- Official poster
- Directed by: S. Narayan
- Screenplay by: Ramesh Aravind S. Narayan Mohan
- Produced by: Pawan Karthik
- Starring: Ramesh Aravind S. Narayan Mohan Umashree Sanathahi
- Cinematography: Jagadish Vali
- Edited by: K. R. Lingaraj
- Music by: Arjun Janya
- Production company: Padma Sundari Creations
- Release date: 20 April 2013;
- Running time: 135 minutes
- Country: India
- Language: Kannada

= Chathrigalu Saar Chathrigalu =

2013 Indian Kannada-language comedy film directed by S. Narayan

Chathrigalu Saar Chathrigalu is a 2013 Indian Kannada-language comedy film directed by S. Narayan. The final instalment in the Kurigalu Saar Kurigalu series, the film stars Ramesh Aravind, S. Narayan, Mohan, Umashree and Sanathahi.

== Production ==
The film reached the dubbing stage in February 2013.

==Music==

Track listing
| No. | Title | Singer(s) | Length |
|---|---|---|---|
| 1. | "Chathrigalu Saar Chathrigalu" | Ravi Basrur, Sachin | 2:37 |
| 2. | " Dovve Dovve" | Anuradha Bhat, Ravi Basrur | 3:40 |
| 3. | "Yaramma Yaramma" | Chandan Shetty, Priya Yadav, Sumithra | 3:47 |
| 4. | "Udaisu Udaisu" | Ravi Basrur | 3:21 |
| 5. | "Mithay Mithay" | Vijay Prakash, Prashanth Basrur | 4:01 |
| 6. | "Dovve Dovve (version 2)" | Ravi Basrur, Priya Yadav | 3:39 |
| Total length: |  |  | 21:07 |

== Release and reception ==
Because Umashree was contesting at the Terdal Assembly constituency, the film was not released in that area.

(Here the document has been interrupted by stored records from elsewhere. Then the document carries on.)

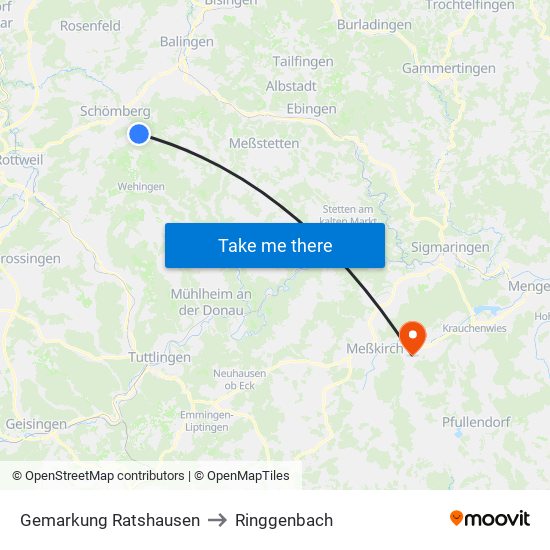 Gemarkung Ratshausen to Ringgenbach map
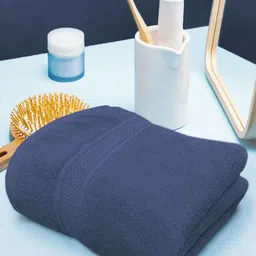 LUXEHOME INTERNATIONAL Navy Blue 2 Cotton 600 GSM Bath Towel-39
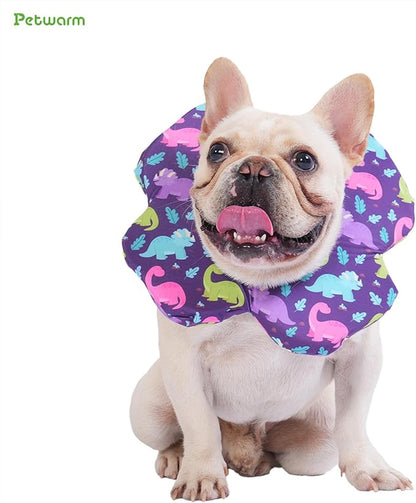 PetWarm Recovery Collar for Dogs, Dog Recovery Collar, Lightweight Pet Neck Protector with Memory Foam Padding, Gentle No-Lick Flower Design for Calm Rest and Travel, Dinosaur Print, Purple, L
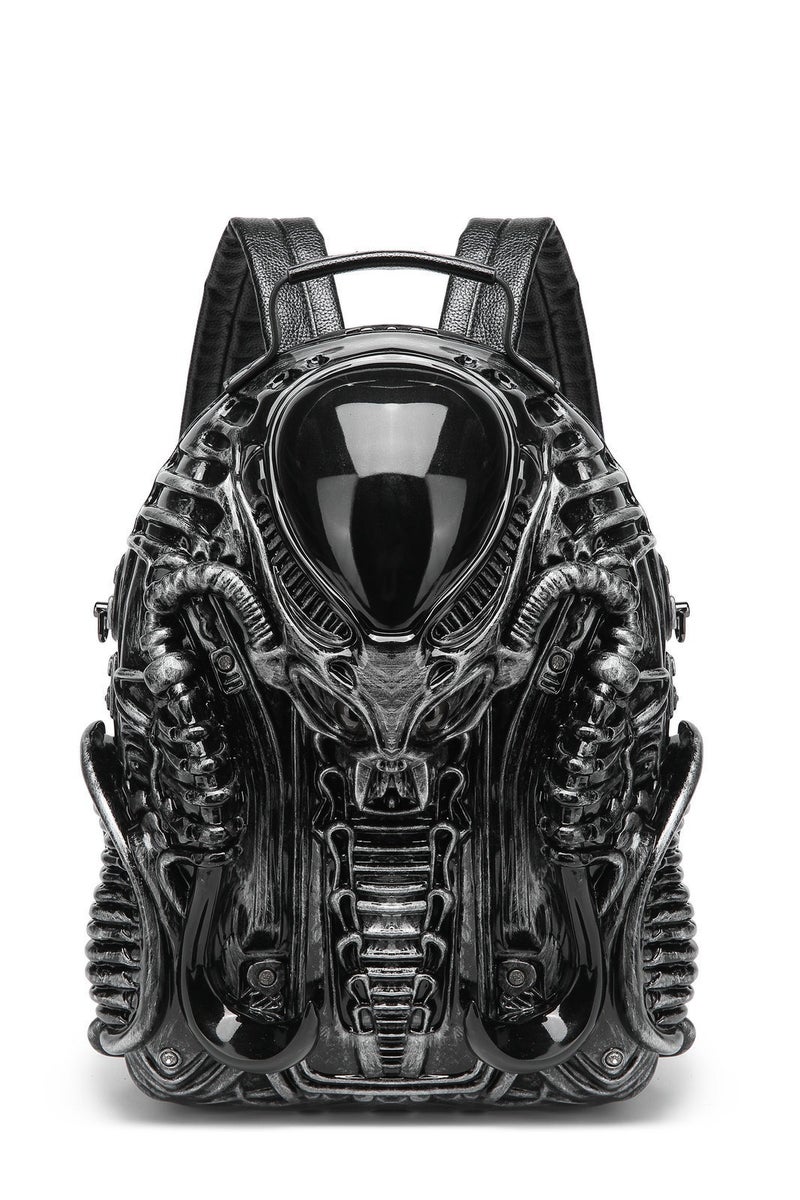 Y2K Fashion Unique Alien Backpack Personalized Predator Street Punk Unisex Backpack - Image 1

A critic from The Times of India gave the film a rating of three out of five stars and opined that "A well-scripted comedy film. Don’t look for a serious story. Just watch and enjoy the comedy". B. S. Srivani of Deccan Herald gave the film the same rating and wrote that "“Chatrigalu...” still works, mainly because underneath all the sex-laced dialogues, there are still some gems to be found. It’s a laughing matter, after all".